Premièrement, la participation polémique au financement de l’Ecole supérieure de journalisme (ESJ) de Paris sera revendue. Dans cette affaire, les salariés reprochaient à Bayard de s’associer au milliardaire ultraconservateur Vincent Bolloré. De fait, le projet lancé par l’entrepreneur Vianney d’Alançon vise selon une partie prenante du dossier à créer une école «non woke, pro-entreprises et économie de marché». La revente de ces parts dans l’ESJ Paris «devra être confirmée par le Conseil de surveillance» qui se tiendra mercredi, indique le mail interne de la direction de Bayard.
Défense insuffisante
Autre dossier volcanique aux yeux des syndicats du groupe : le recrutement annoncé d’Alban du Rostu, ancien collaborateur du milliardaire libertarien et catholique identitaire Pierre-Edouard Stérin, comme futur directeur de la stratégie et du développement de Bayard. Ce trentenaire avait ainsi dirigé entre 2021 et 2024 le Fonds du bien commun, structure philanthropique développée par Pierre-Edouard Stérin. Alban du Rostu indiquait avoir pris ses distances avec le milliardaire ces derniers mois, après avoir quitté la direction du Fonds en juillet. Mais les salariés lui reprochaient avec vigueur sa participation au projet Périclès : selon des documents dévoilés par l’Humanité lundi, son nom apparaissait dans un document listant les fondateurs de ce plan entrepris par Stérin pour financer et porter au pouvoir une alliance de la droite libérale et de l’extrême droite.
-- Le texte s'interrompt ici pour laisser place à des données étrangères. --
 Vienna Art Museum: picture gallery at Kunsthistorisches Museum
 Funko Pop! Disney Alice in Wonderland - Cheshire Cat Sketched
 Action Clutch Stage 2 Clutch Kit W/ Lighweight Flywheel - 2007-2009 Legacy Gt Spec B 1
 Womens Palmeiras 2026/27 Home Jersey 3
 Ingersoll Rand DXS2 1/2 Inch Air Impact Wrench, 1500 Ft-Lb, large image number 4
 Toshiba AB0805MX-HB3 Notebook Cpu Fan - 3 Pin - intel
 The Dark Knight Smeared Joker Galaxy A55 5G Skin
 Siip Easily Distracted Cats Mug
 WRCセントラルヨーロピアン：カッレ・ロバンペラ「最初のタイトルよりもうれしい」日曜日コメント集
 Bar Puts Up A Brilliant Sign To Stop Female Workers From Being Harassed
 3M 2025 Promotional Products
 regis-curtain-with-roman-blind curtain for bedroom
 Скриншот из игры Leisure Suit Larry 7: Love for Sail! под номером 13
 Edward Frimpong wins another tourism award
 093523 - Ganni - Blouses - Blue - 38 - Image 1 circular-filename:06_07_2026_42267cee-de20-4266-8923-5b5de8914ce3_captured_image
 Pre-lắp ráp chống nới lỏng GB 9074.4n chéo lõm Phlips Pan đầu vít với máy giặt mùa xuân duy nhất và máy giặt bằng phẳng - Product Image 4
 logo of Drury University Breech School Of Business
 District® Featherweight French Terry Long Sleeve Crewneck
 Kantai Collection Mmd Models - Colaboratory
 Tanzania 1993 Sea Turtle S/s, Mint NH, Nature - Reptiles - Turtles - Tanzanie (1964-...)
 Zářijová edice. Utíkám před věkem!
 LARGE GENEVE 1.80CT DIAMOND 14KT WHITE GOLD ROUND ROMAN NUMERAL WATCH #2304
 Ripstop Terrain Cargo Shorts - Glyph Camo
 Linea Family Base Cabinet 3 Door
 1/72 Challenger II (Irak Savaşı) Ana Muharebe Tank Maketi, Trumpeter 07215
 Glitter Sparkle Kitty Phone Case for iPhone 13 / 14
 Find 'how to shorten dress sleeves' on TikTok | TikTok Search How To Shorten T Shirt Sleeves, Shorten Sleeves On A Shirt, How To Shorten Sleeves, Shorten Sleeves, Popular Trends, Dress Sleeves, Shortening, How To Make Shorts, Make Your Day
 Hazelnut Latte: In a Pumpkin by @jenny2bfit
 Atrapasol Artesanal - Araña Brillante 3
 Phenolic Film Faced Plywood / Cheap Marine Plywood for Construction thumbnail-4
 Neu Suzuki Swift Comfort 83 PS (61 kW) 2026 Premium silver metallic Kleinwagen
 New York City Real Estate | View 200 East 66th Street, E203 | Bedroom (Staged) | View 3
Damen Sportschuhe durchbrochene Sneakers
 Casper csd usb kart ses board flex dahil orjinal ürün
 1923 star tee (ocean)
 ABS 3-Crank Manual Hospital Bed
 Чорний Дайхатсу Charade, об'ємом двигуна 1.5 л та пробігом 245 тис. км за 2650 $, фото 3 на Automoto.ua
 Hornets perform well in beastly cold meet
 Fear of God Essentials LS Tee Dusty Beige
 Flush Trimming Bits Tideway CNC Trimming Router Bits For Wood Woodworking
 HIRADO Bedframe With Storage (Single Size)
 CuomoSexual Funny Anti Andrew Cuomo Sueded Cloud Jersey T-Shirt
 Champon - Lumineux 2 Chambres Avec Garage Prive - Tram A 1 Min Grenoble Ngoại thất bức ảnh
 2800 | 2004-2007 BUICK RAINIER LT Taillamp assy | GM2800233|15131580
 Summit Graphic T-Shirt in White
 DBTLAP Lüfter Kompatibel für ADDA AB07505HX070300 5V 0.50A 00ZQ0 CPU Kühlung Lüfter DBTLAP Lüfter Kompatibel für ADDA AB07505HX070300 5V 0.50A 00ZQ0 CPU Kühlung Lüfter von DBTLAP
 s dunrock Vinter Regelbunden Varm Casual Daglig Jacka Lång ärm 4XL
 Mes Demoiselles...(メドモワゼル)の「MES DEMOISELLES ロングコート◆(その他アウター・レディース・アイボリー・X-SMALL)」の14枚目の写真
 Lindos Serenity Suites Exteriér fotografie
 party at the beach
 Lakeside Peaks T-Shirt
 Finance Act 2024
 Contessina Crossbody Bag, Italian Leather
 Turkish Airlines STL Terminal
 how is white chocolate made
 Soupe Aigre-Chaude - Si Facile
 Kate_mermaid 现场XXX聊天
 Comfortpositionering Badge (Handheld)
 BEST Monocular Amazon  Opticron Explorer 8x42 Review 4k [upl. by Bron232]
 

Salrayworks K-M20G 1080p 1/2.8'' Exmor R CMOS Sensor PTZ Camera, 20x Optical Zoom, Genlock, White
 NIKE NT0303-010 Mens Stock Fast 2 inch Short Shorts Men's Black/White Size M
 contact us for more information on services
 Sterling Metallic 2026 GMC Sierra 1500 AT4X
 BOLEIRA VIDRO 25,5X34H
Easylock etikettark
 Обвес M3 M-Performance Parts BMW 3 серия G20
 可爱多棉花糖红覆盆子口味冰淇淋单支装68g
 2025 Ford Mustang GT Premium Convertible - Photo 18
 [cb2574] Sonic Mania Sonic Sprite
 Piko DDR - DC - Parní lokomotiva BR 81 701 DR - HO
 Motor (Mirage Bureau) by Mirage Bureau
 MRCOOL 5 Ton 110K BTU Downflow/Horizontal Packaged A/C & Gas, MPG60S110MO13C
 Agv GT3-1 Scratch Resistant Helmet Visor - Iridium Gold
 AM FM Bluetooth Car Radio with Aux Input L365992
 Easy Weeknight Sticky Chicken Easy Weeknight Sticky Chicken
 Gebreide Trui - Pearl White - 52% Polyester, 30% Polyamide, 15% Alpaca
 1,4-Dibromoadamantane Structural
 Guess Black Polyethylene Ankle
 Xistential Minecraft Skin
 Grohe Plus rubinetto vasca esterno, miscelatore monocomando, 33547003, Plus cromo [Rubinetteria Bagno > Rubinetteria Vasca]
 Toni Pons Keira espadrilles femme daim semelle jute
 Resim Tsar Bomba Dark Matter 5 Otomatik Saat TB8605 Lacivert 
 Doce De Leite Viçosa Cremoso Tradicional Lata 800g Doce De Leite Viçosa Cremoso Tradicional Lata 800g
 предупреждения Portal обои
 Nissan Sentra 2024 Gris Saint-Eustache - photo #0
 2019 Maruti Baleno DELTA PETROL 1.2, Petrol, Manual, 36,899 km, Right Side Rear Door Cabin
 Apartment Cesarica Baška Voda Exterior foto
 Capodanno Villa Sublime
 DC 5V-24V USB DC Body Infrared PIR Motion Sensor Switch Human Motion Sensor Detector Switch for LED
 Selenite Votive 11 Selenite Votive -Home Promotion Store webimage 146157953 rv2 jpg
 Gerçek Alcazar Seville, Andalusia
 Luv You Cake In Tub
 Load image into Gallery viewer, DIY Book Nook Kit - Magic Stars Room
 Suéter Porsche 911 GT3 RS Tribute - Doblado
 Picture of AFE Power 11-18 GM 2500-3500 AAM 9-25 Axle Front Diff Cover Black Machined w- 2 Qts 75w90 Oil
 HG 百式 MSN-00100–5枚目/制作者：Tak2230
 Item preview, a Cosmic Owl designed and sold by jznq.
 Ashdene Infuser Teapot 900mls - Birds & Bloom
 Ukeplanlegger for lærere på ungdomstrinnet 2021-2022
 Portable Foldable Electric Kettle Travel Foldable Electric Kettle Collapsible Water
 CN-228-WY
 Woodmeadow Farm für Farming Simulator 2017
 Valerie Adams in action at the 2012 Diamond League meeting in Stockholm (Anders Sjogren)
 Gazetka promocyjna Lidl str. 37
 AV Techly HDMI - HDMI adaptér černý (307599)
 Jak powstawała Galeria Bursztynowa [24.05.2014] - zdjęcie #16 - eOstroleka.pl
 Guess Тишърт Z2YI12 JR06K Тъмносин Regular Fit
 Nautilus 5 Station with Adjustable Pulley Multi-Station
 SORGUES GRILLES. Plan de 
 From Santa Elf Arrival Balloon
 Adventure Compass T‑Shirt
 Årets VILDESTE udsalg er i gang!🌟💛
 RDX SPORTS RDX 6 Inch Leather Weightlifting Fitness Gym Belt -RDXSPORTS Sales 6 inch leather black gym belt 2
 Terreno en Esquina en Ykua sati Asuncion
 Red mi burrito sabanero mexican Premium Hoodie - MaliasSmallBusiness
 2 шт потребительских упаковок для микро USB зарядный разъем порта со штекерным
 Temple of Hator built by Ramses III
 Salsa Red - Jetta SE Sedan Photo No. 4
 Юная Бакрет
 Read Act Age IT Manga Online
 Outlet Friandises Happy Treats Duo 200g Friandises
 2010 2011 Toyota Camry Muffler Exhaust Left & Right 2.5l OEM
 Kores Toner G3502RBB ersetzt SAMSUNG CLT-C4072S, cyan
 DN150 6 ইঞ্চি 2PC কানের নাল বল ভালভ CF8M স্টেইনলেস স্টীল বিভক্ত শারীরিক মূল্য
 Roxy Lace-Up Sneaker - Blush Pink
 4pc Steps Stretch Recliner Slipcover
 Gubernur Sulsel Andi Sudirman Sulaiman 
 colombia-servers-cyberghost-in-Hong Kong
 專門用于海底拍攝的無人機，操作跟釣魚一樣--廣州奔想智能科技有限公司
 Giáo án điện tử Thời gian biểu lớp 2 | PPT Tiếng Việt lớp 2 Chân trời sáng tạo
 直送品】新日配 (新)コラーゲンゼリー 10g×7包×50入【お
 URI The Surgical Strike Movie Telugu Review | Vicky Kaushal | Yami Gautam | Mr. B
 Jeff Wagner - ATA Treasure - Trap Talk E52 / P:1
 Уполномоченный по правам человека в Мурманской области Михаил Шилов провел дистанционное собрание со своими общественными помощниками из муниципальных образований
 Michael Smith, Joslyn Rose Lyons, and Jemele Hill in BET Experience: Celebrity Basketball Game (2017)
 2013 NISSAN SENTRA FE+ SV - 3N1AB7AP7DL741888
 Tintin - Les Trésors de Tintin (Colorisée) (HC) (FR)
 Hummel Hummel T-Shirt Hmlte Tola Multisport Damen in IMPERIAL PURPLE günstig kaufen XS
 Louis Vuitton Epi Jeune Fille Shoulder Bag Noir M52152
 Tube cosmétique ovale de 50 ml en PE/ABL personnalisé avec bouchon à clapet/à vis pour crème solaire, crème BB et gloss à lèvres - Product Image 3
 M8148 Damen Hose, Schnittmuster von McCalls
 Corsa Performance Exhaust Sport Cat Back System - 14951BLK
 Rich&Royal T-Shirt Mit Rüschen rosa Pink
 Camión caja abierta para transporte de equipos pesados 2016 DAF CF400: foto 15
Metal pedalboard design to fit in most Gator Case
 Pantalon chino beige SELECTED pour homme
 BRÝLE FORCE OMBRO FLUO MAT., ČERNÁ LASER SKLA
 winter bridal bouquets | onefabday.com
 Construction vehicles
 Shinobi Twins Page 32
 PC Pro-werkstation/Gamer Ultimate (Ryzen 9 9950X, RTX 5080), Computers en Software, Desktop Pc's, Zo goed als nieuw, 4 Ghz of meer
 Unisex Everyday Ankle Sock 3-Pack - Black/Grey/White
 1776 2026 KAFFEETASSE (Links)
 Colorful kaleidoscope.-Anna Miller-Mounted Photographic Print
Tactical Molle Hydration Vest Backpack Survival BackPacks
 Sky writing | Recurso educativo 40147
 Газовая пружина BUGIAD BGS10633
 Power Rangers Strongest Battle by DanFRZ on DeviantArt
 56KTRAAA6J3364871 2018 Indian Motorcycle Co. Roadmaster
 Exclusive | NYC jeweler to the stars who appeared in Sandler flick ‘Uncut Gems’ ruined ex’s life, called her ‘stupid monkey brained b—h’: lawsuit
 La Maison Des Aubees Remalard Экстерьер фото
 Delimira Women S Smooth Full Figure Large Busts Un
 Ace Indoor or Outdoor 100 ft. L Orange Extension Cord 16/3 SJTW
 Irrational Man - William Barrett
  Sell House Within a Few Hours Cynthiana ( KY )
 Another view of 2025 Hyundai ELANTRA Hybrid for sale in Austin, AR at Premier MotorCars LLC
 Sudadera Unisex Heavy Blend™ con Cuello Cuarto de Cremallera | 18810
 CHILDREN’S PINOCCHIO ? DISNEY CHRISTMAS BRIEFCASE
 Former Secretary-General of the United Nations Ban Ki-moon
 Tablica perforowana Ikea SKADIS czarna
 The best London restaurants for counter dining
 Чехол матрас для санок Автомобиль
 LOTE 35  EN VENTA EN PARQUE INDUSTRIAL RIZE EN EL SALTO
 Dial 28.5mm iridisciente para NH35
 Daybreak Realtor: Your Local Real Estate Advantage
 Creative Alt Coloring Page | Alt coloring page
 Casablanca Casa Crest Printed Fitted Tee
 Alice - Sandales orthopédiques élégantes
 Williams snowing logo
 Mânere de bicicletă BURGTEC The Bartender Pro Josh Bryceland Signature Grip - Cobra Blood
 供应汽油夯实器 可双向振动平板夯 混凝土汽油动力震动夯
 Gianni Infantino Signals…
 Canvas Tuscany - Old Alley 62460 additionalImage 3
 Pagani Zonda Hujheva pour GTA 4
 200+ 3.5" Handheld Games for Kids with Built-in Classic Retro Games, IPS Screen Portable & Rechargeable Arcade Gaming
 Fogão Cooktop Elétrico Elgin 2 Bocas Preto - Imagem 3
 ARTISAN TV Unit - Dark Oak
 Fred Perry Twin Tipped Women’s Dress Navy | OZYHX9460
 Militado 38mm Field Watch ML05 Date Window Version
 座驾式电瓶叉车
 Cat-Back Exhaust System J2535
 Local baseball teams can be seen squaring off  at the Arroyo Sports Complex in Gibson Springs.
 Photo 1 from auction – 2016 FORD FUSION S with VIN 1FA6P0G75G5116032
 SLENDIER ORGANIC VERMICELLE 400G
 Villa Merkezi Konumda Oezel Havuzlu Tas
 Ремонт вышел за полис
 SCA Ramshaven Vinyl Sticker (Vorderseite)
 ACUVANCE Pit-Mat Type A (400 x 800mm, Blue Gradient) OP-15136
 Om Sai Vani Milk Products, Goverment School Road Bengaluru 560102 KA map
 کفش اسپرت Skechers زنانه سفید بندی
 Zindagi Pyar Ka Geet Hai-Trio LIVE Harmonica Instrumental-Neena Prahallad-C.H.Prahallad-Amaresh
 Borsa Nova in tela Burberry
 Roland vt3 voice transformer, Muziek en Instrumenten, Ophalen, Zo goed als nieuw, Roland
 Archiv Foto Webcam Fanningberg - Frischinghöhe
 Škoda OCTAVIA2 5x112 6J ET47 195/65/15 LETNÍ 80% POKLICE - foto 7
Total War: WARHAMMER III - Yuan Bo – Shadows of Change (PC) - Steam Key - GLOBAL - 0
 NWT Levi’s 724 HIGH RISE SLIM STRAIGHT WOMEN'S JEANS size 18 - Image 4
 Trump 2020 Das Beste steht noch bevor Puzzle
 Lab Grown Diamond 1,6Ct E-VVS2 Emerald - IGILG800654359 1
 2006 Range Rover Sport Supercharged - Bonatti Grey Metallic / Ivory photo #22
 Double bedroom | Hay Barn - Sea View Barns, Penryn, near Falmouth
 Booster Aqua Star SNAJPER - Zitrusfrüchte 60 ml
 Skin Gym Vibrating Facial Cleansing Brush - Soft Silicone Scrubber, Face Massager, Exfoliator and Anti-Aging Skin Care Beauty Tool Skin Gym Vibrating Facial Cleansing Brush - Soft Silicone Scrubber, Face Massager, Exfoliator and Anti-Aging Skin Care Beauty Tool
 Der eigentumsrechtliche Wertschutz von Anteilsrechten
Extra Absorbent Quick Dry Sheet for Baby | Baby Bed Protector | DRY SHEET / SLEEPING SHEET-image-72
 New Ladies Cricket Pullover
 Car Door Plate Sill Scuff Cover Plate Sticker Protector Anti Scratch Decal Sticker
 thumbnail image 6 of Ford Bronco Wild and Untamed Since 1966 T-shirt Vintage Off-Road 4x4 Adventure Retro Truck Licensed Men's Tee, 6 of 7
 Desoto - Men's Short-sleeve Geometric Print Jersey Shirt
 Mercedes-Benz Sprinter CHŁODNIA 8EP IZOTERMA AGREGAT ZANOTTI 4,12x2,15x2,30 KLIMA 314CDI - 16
Le directoire du groupe Bayard, présidé par François Morinière, lui-même ancien collaborateur de Pierre-Edouard Stérin comme président de la Nuit du bien commun, indique en interne avoir proposé aux salariés de rencontrer Alban du Rostu, sans succès. Finalement, «conscient de la situation créée par sa nomination, [Alban du Rostu] a proposé de renoncer à son entrée dans le groupe, écrit la direction de Bayard dans sa communication interne. Nous saluons son très grand sens des responsabilités, et convenons d’un commun accord de ne pas procéder à son embauche pour mettre fin à la campagne injuste dont il était victime. Nous regretterons ses compétences reconnues dans les domaines du développement et ses grandes qualités humaines.» Dans ce mail interne, le directoire affirme cependant que le poste de directeur du développement sera pourvu prochainement.
«Chasse à l’homme»
Devant Libération, Alban du Rostu déplorait, en fin de semaine dernière, se retrouver victime «d’une chasse à l’homme», se présentant comme «un bouc émissaire» et «une cible», alors que les salariés de Bayard qui manifestaient jeudi après-midi brandissaient des panneaux «Du Rostu point de salut», «Rostu à Bayard, l’extrême droite au pouvoir». «C’est du complotisme de penser que je suis envoyé par Pierre-Edouard Stérin pour racheter Bayard, qui est de toute façon une entreprise à mission incessible», affirmait-il. Dans une tribune publiée dans la Croix le 28 novembre, François Morinière appuyait également sur l’importance de ces «dispositions statutaires». Le groupe, qui appartient à la Congrégation des Augustins de l’Assomption, est en effet «une entreprise à mission» : «Par une disposition spécifique demandée par le Vatican, la congrégation a déclaré l’œuvre entreprise Bayard “patrimoine stable”, ce qui la rend incessible. Bayard n’est pas à vendre», martelait le patron dans la tourmente. Largement insuffisant.
Pour les syndicats de Bayard, le triomphe est donc total. «C’est un énorme cadeau de Noël. On se félicite de l’ampleur de la mobilisation qui permet cette victoire, indique Véronique Badets, cheffe de rubrique au Pèlerin et déléguée syndicale CFDT chez Bayard. Ce sont les salariés, les auteurs, les lecteurs, qui se sont mobilisés. C’est une victoire à 360 degrés.»